勝つために気をつけていた8つのポイント
私たちが2回の代表経験を通して見出した、世界で勝つためのポイントは8つあります。
1.おもしろい < 本当に効く
広告クリエイターには2種類いると思います。とにかく発想の面白さ、表現の秀逸さを重視するタイプと、本当に課題を解決する効果のあるものを重視するタイプです。
前回の記事でも述べましたが、国内のPR部門の審査員の方々は、それまでの受賞作を見るに後者の傾向が強いのではないかと思いました。2016年に代表に選ばれた案を講評いただいた際、審査員の方の「この施策だったら気持ちが変わるよね」というコメントを聞いてから、この審査傾向を感じるようになりました。

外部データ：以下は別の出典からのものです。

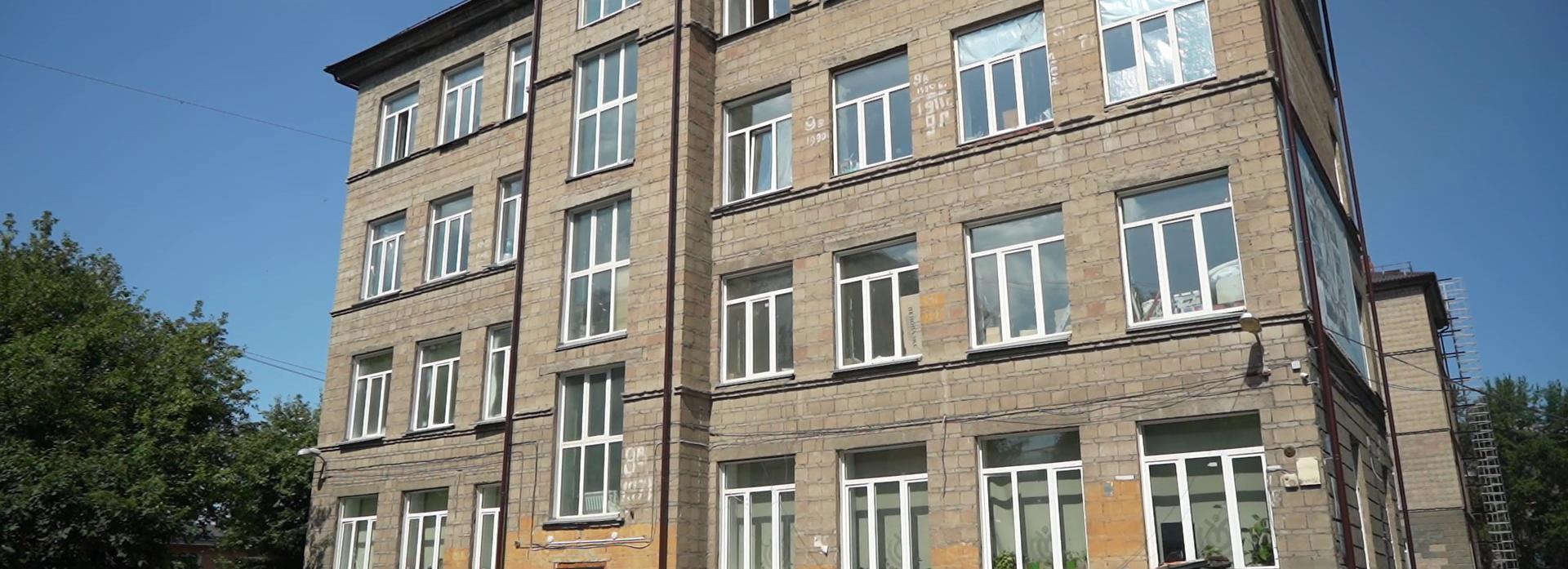 «Полностью обновили крышу»: завершают капремонт гимназии на Маркса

そのため私たちは、国内予選では比喩表現などの面白さよりも、「直接的だけど心が動く」ということを念頭に置いてプラニングしています。
2.「怒り」で議論を巻き起こす
ヤングコンペのアイデアで、「ビヘイビアチェンジを引き起こす」なんて、そう簡単にできることではありません。
私たちが10ページのプレゼン資料で表現できるのは、「世の中が議論して、その問題について考える」というところまでなのではないかと思っています。

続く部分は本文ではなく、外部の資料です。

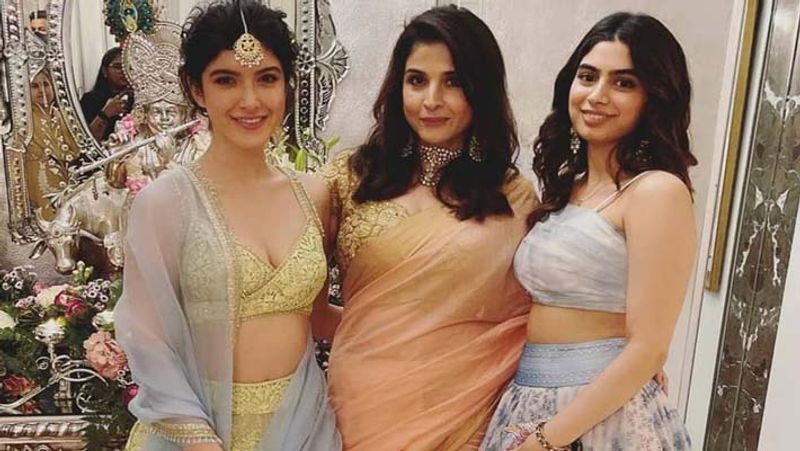 anil Kapoor sister reena kapoors daughter in law Antara Marwah baby shower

人は、怒りを覚えると、声を上げます。私たちの国内予選のアイデア「MIGRANT TRANSFUSION」(詳しくは第1回をご覧ください)を例にとると、「どうして移民の血なんか輸血するんだ!ふざけるな!」と批判の声が出るでしょう。
それに対して、「移民であることに関係なく、血液は全て同じなんだ」というファクトを元に、怒りの声に反論する人々も登場し始めます。
つまり、ひとつの施策に対して、一定数が感情で反論し、一定数がファクトで賛同するという状態。こんな賛否両論の議論を巻き起こすことができれば、ビヘイビアチェンジの前段階である「パーセプションチェンジ」には十分寄与するはずです。
ただし、人を怒らせるようなネガティブな施策は、あらゆる審査員が好むわけではありません。もっとポジティブな施策が勝つことも多いので、この考え方は「諸刃の剣」であることにご注意ください。
3. AD < PR
国内予選も海外本選も、PR部門は、審査員の多くがPRエージェンシーの方々です。「ADっぽい」と言われた途端に、足元をすくわれます。
そう思われないために、私たちは元々あるニュースの文脈に施策をうまく乗せることを目指しました。私たちの2017年ヤングスパイクス本選のアイデア「I’M HOMELESS TODAY.」(詳しくは第1回をご覧ください)でいうと、「飛行機の大規模な欠航は必ずニュースになる」というPRインサイトがありました。このタイミングで何らかの施策を実施すればニュースになりやすいだろう、ということです。
もちろん露出は最低限の要件に過ぎません。その先にどうやって人々に議論を起こさせるか、行動変容を起こさせるかがPRとしては重要です。